Many researchers prefer linear motors, primarily voice coil motors. Voice coil motors have a simple structure, no cogging effect, fast dynamic response, high acceleration, direct drive capability, and linear force control proportional to the input current. These characteristics make them highly suitable for vibration control. Rotary platforms are akin to horizontally placed rotary motors, wherein they are capable of effectively controlling the rotor’s rotational motion and position angle within a plane while achieving levitation. These actuators are used in specific conditions. Planar motors can achieve two-dimensional planar motion, allowing for multi-DOF control and improving efficiency and reliability. However, their structure is more complex than linear motors, increasing maintenance difficulty, and their control systems are also more complicated, leading to higher energy consumption and heat generation.

Most researchers achieve this for multi-DOF or even six-DOF actuators by superimposing single-DOF actuators and planar actuators, essentially creating a purely active magnetic levitation isolation platform. Additionally, a form combines magnetic bearings with linear motors, but these actuators generally have fewer DOFs and must include at least one rotational DOF. If only translational vibration isolation is needed, these actuators may not be effective.

Beyond the structural design of the actuators, some researchers have specifically analyzed the heating conditions of the actuators and designed cooling structures. Excessive temperature rise can affect the dynamic response and other performance and potentially lead to the demagnetization of the permanent magnets and failure of other components. Therefore, these research findings are highly significant for the future design of magnetic levitation isolation platforms.

5. Challenges and Developments

For passive isolators, most current designs use electromagnetic structures to generate NS. Innovations in purely permanent magnetic isolator structures remain relatively rare without combining them with other mechanical structures. Additionally, most isolators discussed in the literature are unsuitable for heavy-load conditions, and there is almost no research on high-load ones. Although the force output level by isolators is important, the size constraints often present significant challenges in applications. The future direction is not only focused on increasing force levels but also on enhancing force density. This aims to provide effective vibration control in confined spaces, addressing the demand for compact, high-performance isolation across various industries. The designed isolators are predominantly single-axis, with relatively few studies having been conducted on multi-axis isolation. Furthermore, most researchers focus on translational vibration sources, whereas real-world vibrations are complex, and addressing rotational vibrations remains unresolved.

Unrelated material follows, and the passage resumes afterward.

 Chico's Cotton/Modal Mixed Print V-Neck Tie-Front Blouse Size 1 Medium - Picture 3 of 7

For passive isolators’ analysis, there is still a lack of methods to calculate the magnetic forces and torques between PMs for arbitrary six-DOF movements in space. Although the equivalent magnetic charge method based on the working point has high accuracy, its computational speed is still low, making it unsuitable for optimization.

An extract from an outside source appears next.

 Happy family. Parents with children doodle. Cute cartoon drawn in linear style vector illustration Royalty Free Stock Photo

Most existing designs achieve only single functions for active actuators, with few designs and studies on actuators that simultaneously achieve multiple functions. Multiple single-axis actuators are usually combined to realize six-DOF motion controls, resulting in relatively complex system structures.

For the entire magnetic levitation isolation system, most researchers design isolation control systems that focus solely on position and motion vibration control. However, in practical use, factors such as the working environment also significantly affect the final performance of the isolation system, yet there is little related research that has been conducted.